Na początek na tej słabo kontrolowanej granicy powstaną dwie „dewizowe” stacje benzynowe, na których każdy cudzoziemiec będzie musiał płacić za paliwo obcą walutą. Zostaną utworzone w ramach wydanego przed rokiem dekretu o „nadzwyczajnej sytuacji ekonomicznej” Wenezueli, której gospodarkę rujnowały dotąd m.in. spadek cen ropy naftowej – głównego bogactwa kraju – i trzycyfrowa inflacja.

W ten sposób lewicowy rząd wenezuelski, który wkrótce zamierza uruchomić wzdłuż granicy całą sieć stacji benzynowych, próbuje stworzyć alternatywę dla masowego wywozu do Kolumbii kupowanych poniżej oficjalnej ceny paliw płynnych.
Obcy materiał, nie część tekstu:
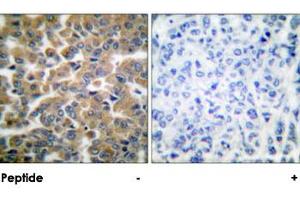 Immunohistochemical analysis of paraffin-embedded human breast carcinoma tissue using NR3C1 polyclonal antibody . (Glucocorticoid Receptor 抗体)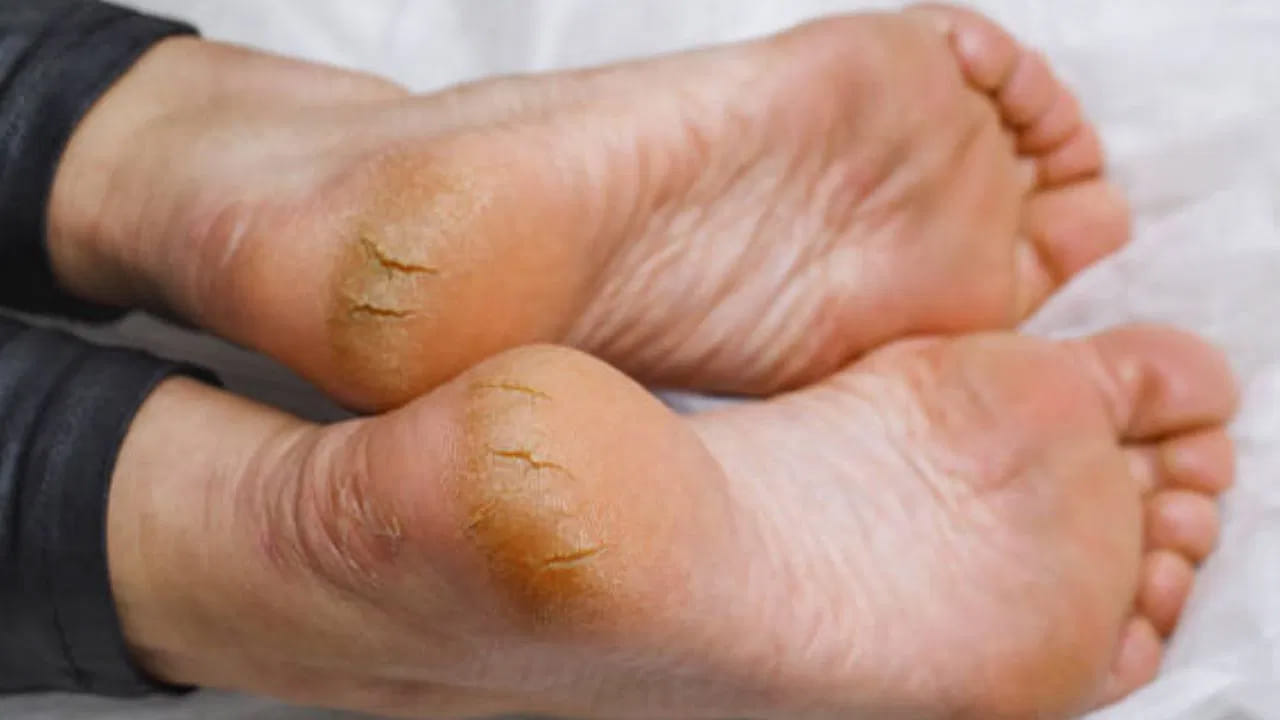 చాలా మంది చలికాలంలో పాదాల పగుళ్లతో బాధపడుతున్నారు. దానిని నిర్లక్ష్యం చేయకూడదు. బయట నుంచి వచ్చిన తర్వాత పాదాలను బాగా శుభ్రం చేసి క్రీమ్ రాసుకోవాలి. పాదాల సమస్యను నివారించడానికి పెట్రోలియం జెల్లీని ఉపయోగించాలి. శరీరంలో విటమిన్ డి లేకపోవడం చర్మ సమస్యలకు దారితీస్తుంది. ఎండలో కూర్చోవడం వల్ల మాత్రమే తగినంత విటమిన్ డి పొందడం సాధ్యం కాదు. చర్మాన్ని ఆరోగ్యంగా ఉంచుకోవడానికి విటమిన్ డి సప్లిమెంట్లను తీసుకోవచ్చు. అలాగే నీళ్లు ఎక్కువగా తాగాలి. తాజా కూరగాయలు, పండ్లు ఎక్కువగా తినాలి.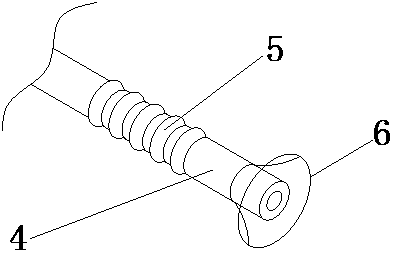 Repairing device of antique building aluminum part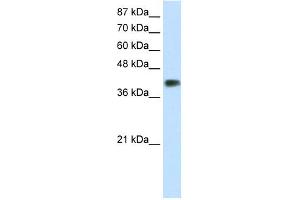 WB Suggested Anti-DLX3 Antibody Titration:  1. (DLX3 anticorps  (C-Term))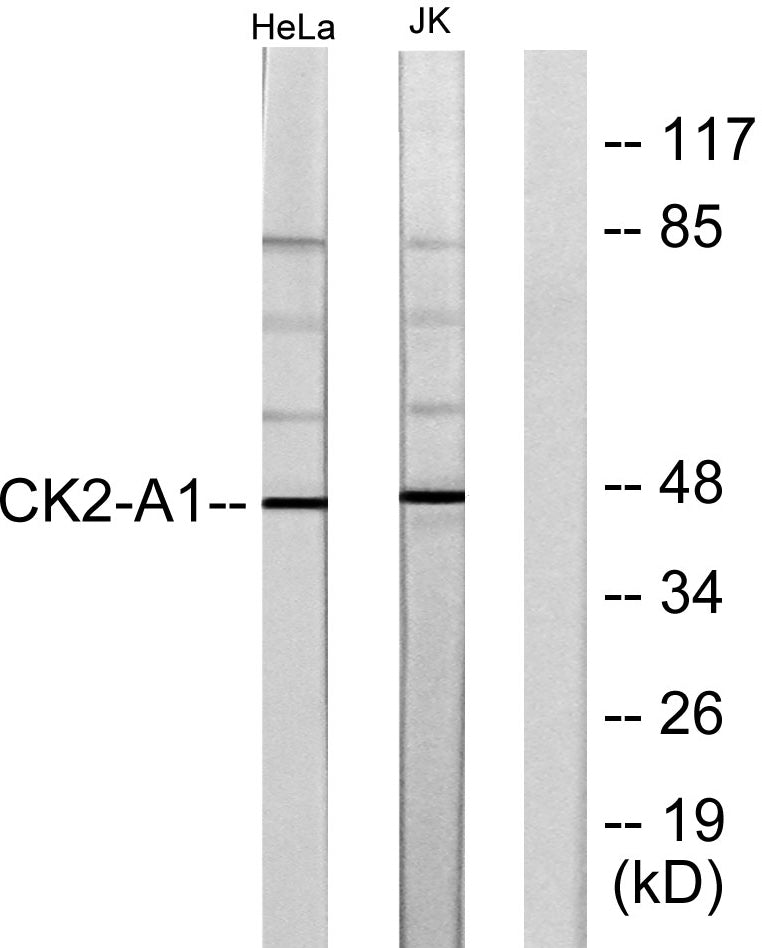 Casein Kinase IIα Rabbit Polyclonal Antibody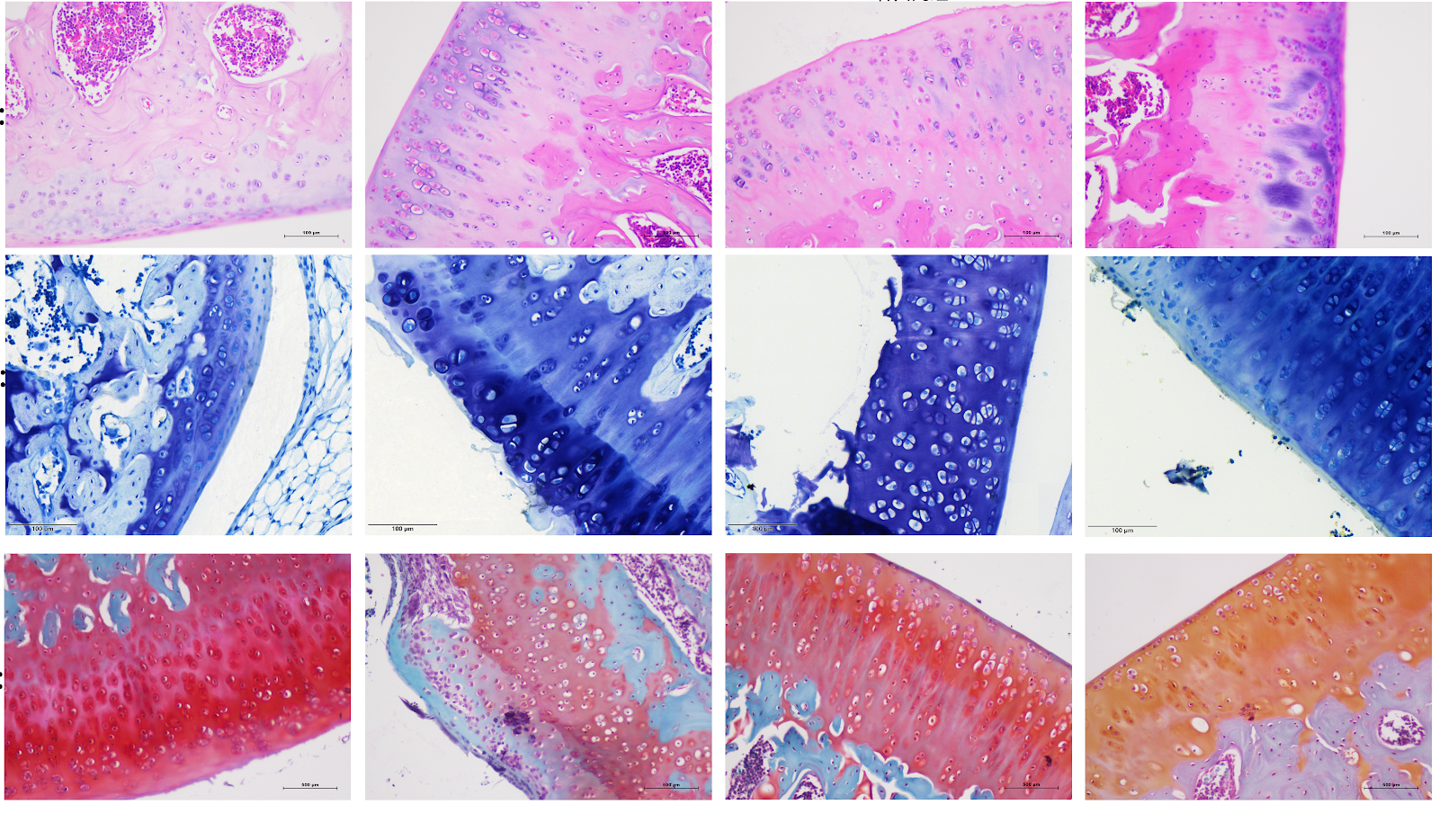 Mechanism by which Yougui Pill inhibits pyroptosis of chondrocytes in rats with knee osteoarthritis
Do celów jej przemytu przez praktycznie niemożliwą do kontrolowania granicę Wenezuelczycy i Kolumbijczycy masowo używają specjalnie przystosowanych samochodów z dodatkowymi zbiornikami.

„Będziemy sprzedawali nasze paliwo za kolumbijskie peso, a jeśli ktoś zechce płacić dolarami, to jeszcze lepiej” – oświadczył Nicolas Maduro, prezydent kraju o największych na świecie udokumentowanych rezerwach ropy naftowej.